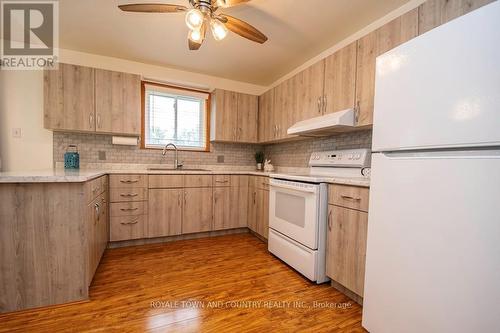 30 - 115 Mary Street W, Kawartha Lakes (Lindsay), ON - Indoor Photo Showing Kitchen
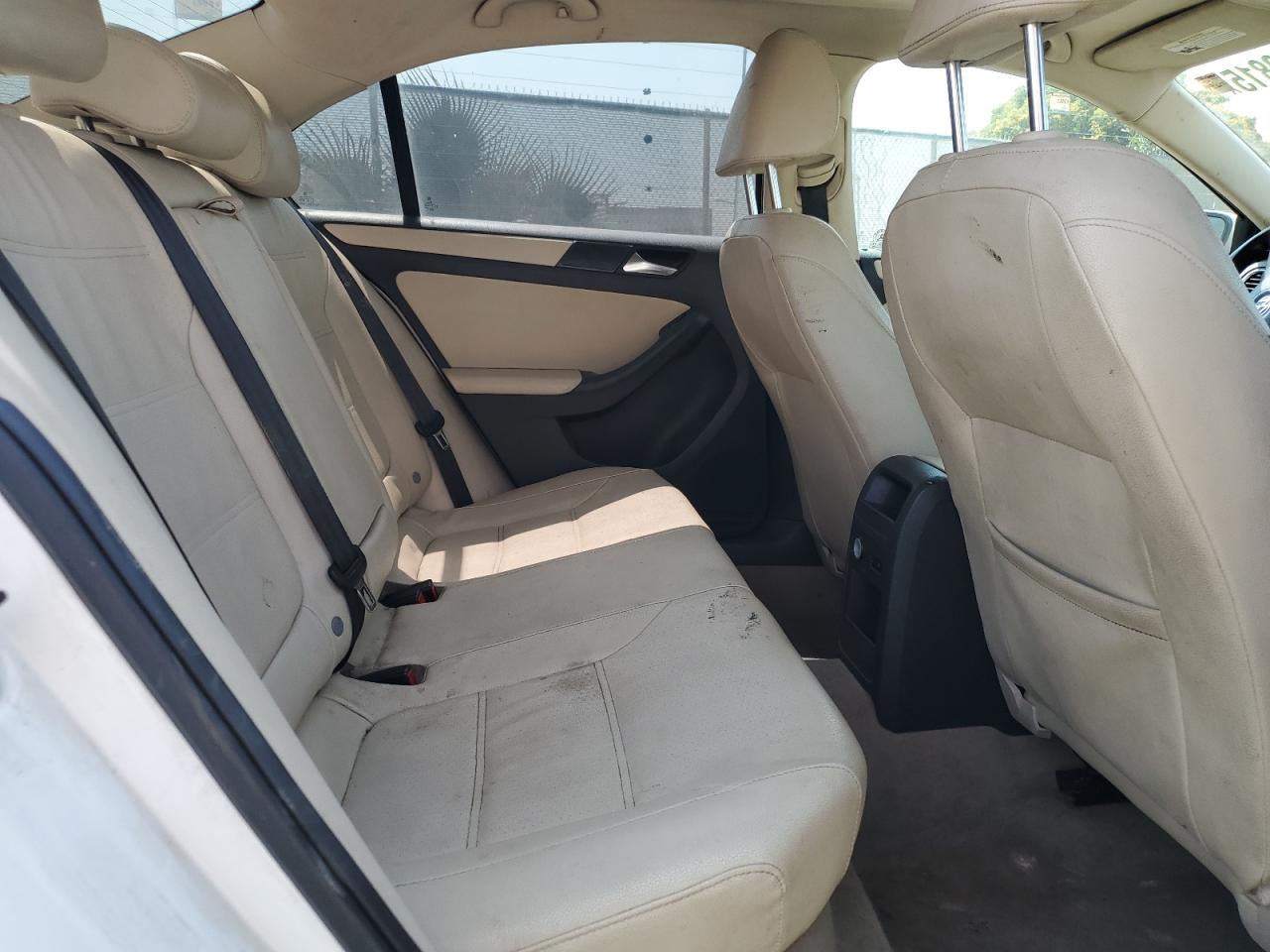 VOLKSWAGEN JETTA 2011 VIN 3VWBX7AJ4BM050482 photo 10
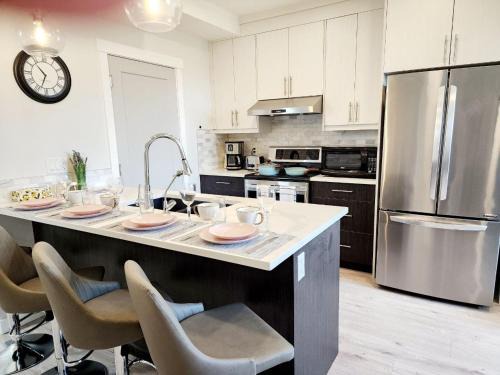 Luxury Cozy Basement Suite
┄┄┄┄┄┄┄┄┄┄┄┄┄┄┄┄┄┄┄┄
— Problem to work on —
Return the material exactly as given above, picture-free.

— Result —
 30 - 115 Mary Street W, Kawartha Lakes (Lindsay), ON - Indoor Photo Showing Kitchen
 VOLKSWAGEN JETTA 2011 VIN 3VWBX7AJ4BM050482 photo 10
 Luxury Cozy Basement Suite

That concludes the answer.